To test the role of CP-AMPAR on AMPA-mediated downregulation of γ oscillation, when CCH-induced γ oscillation reached a steady state, application of CP-AMPAR antagonist IEM1460 (10 μM) resulted in significant enhancement of γ power (135 ± 12% vs CCH control, t(9) = − 5.173,** P = 0.005, n = 10 slices from 5 rats, Fig. 3A,B,D,E) but had no effect on oscillatory peak frequency (28 ± 1.1 Hz vs CCH control 26 ± 1.4 Hz, t(8) = 1.063, P = 0.306, n = 9 slices from 5 rats, Fig. 3F). When the effect of IEM1460 reached to a plateau, further application of AMPA (1 μM) caused a significant reduction in γ power (45 ± 3% of CCH, vs CCH, t(9) = 2.858, *P = 0.0128; vs IEM1460, t(9) = 4.68,*** P = 0.00035, n = 10 slices from 5 rats, Fig. 3A,B,D,E) , reduced synchronization (Fig. 3C) but increased oscillatory peak frequency (35 ± 3.2 Hz vs CCH control 26 ± 1.4 Hz, t(8) = 4.67, P = 0.000361, n = 9 slices from 5 rats, Fig. 3B,C,F). These results indicate that activation of CP-AMPAR downregulates γ oscillation and blocking CP-AMPAR did not prevent the downregulation of AMPA on γ oscillations.

Figure 3
figure 3

Effect of IEM1460 and nifidepine on AMPA modulation of γ oscillation. (A) Example traces of field potentials recorded in hippocampal CA3 for CCH only, CCH + IEM1460 and CCH + IEM1460 + AMPA from a male SD rat. (B) Power spectra of the oscillatory activity for CCH alone (red line), CCH + IEM1460 (blue line) and CCH + IEM1460 + AMPA (green line) corresponding to the slice in (A). (C) Corresponding autocorrelograms of the oscillations displayed in (A). (D) The scatter plots of γ power for CCH only (red circles), CCH + IEM1460 (blue circles) and CCH + IEM1460 + AMPA (green circles), respectively. (E) The γ power normalized to CCH for CCH only, CCH + IEM1460 and CCH + IEM1460 + AMPA. (F) The peak frequency of oscillatory activity for CCH, CCH + IEM1460 and CCH + IEM1460 + AMPA. (G) The scatter plots of γ power for CCH (red circles), CCH + Nif (blue circles) and CCH + Nif + AMPA (green circles). (H) The normalized γ power for CCH only, CCH + Nif and CCH + Nif + AMPA. (I) The peak frequency of the oscillatory activity for CCH alone, CCH + Nif and CCH + Nif + AMPA.

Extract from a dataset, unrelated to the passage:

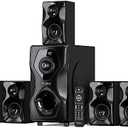 Bobtot Surround Sound Speakers Home Theater Systems - 700 Watts Peak Power 5.1/2.1Wired Stereo Speaker System 5.25" Subwoofer Strong Bass with Bluetooth HDMI ARC Optical Input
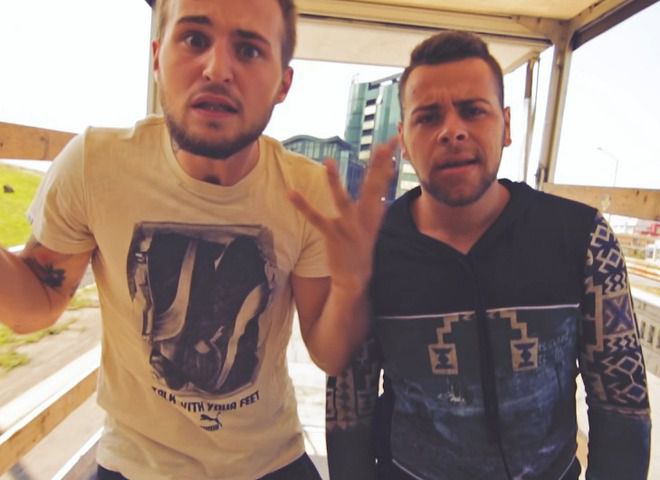 Ангел и Мойсей питат: "Къде си, брат?"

It was known that L-type calcium channel blocker nifedipine increased hippocampal γ oscillation in aged mice35 and calcium channel contributes to the regulation of hippocampal γ oscillations via modulation of intrinsic neuronal excitability36. Thus, it is plausible that AMPA-induced down-regulation of γ oscillation may be involved in calcium channel activation. To test this hypothesis, when CCH-induced γ oscillation was stabilized, nifedipine (Nif, 10 μM) application had no effect on CCH-γ power (119 ± 7% of CCH, vs CCH, t(9) = 1.784, P = 0.0974, n = 10 slices from 5 rats, Fig. 3G,H), nor on AMPA-induced downregulation of γ power (53 ± 6.8% of CCH, vs CCH, t(9) = 2.976, P = 0.00809, n = 10 slices from 5 rats; vs AMPA alone, t(20) = 1.630, P = 0.119; Fig. 3G,H). Nif did not alter peak frequency of CCH-induced oscillations (CCH + Nif 28.3 ± 1.3 Hz vs CCH 28.5 ± 1.3 Hz, Fig. 2I), nor on AMPA-mediated increase in peak frequency (CCH + Nif + AMPA 30.3 ± 1.8 Hz vs CCH + Nif 28.5 ± 1.3 Hz; t(7) = 4.089, P = 0.00111, Fig. 3I).

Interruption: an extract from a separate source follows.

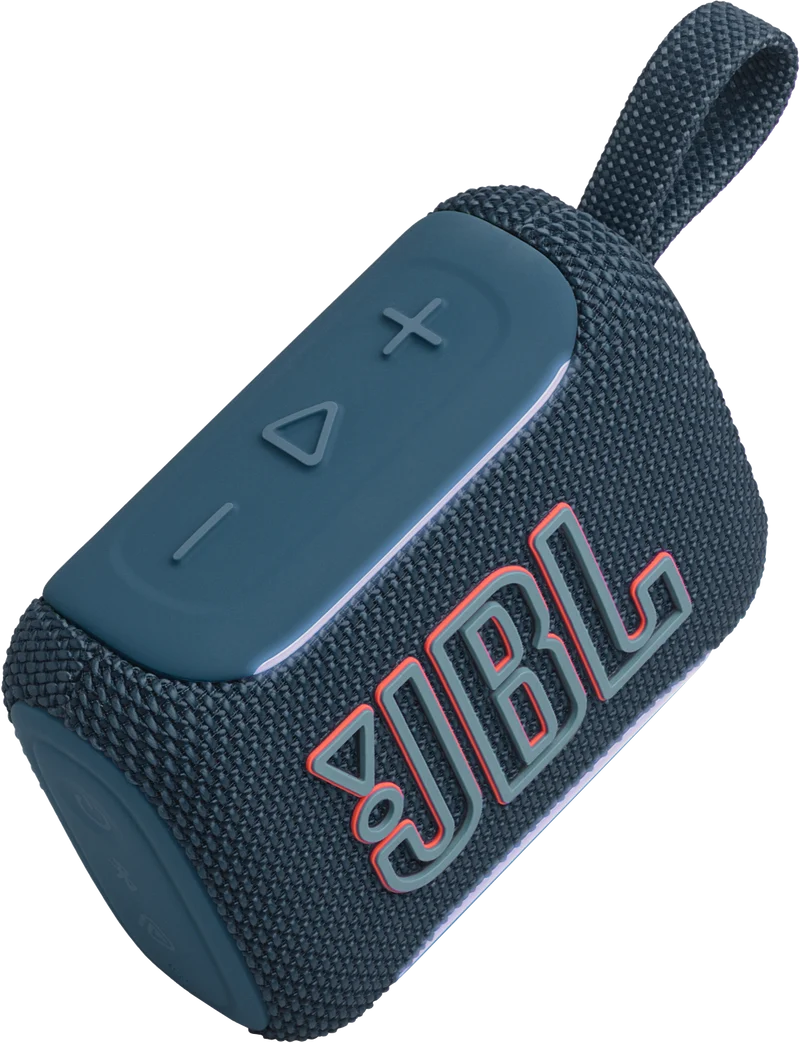JBL GO 5 Mini Bluetooth Speaker - Blue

The exogenous AMPA may activate CI-AMPAR, causing Na+ influx which is strong enough to depolarize cell membrane to activate NMDAR. We then evaluated the effect of NMDA receptor antagonist D-AP5 on AMPA downregulation of CCH-induced γ oscillations. Our results showed that D-AP5 did not affect γ power (124.5 ± 13% of CCH, vs CCH, t = 0.54, P = 0.604, n = 5 slices from 2 rats) and nor AMPA-mediated downregulation of γ oscillations (39 ± 5% of D-AP5, vs D-AP5, t(4) = 4.074, P = 0.004, n = 5 slices from 2 rats), indicating NMDARs did not involve in CCH-induced γ oscillations nor AMPA-mediated downregulation of γ oscillations.

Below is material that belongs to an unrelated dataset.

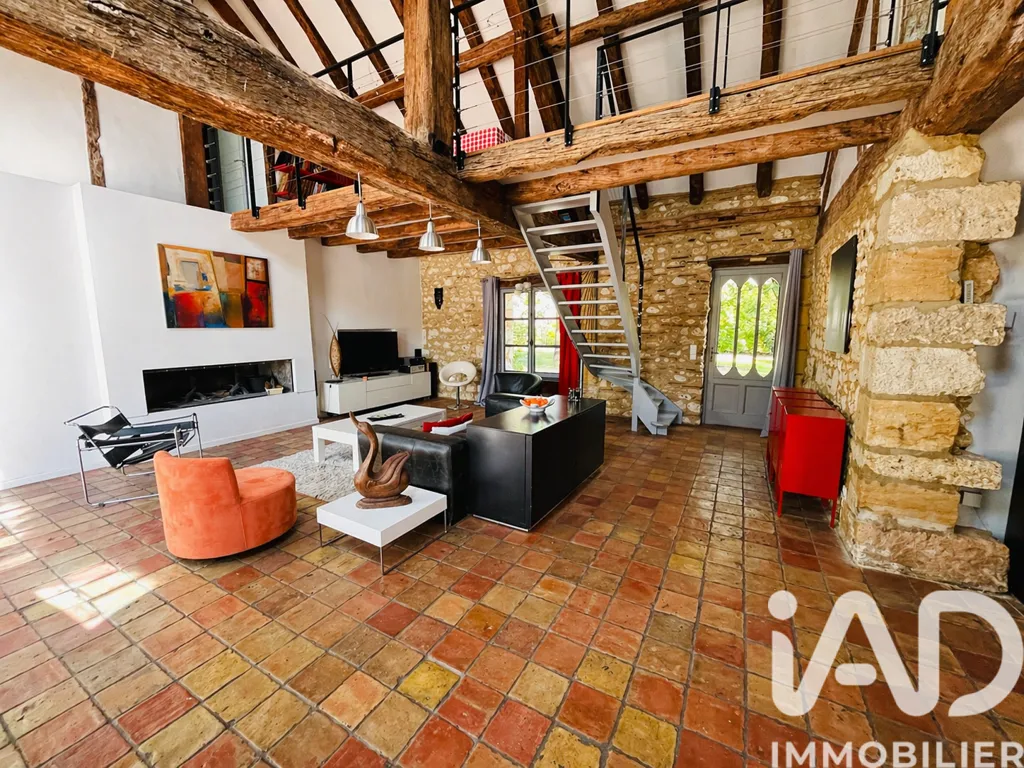 Elutuba - Character House with Pool in Bergerac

The effects of CAMKK inhibitor STO-609 and CAMKII inhibitor KN93 on AMPA-mediated reduction of γ oscillation

The inhibitory neurons express relatively low NMDAR but abundant CP-AMPAR, which is a main source for the dendritic Ca2+ signaling of interneurons36. CP-AMPAR-mediated Ca2+ influx may trigger endoplasmic Ca2+ release from ryanodine receptor, which amplify Ca2+ signaling and mediate synaptic transmission and plasticity in interneurons37,38. Previous study also showed that CP-AMPARs contribute to activity-dependent CaMKII T286 phosphorylation39. It is thus possible that activation of CP-AMPAR may affect CaMKK/CaMKII signaling.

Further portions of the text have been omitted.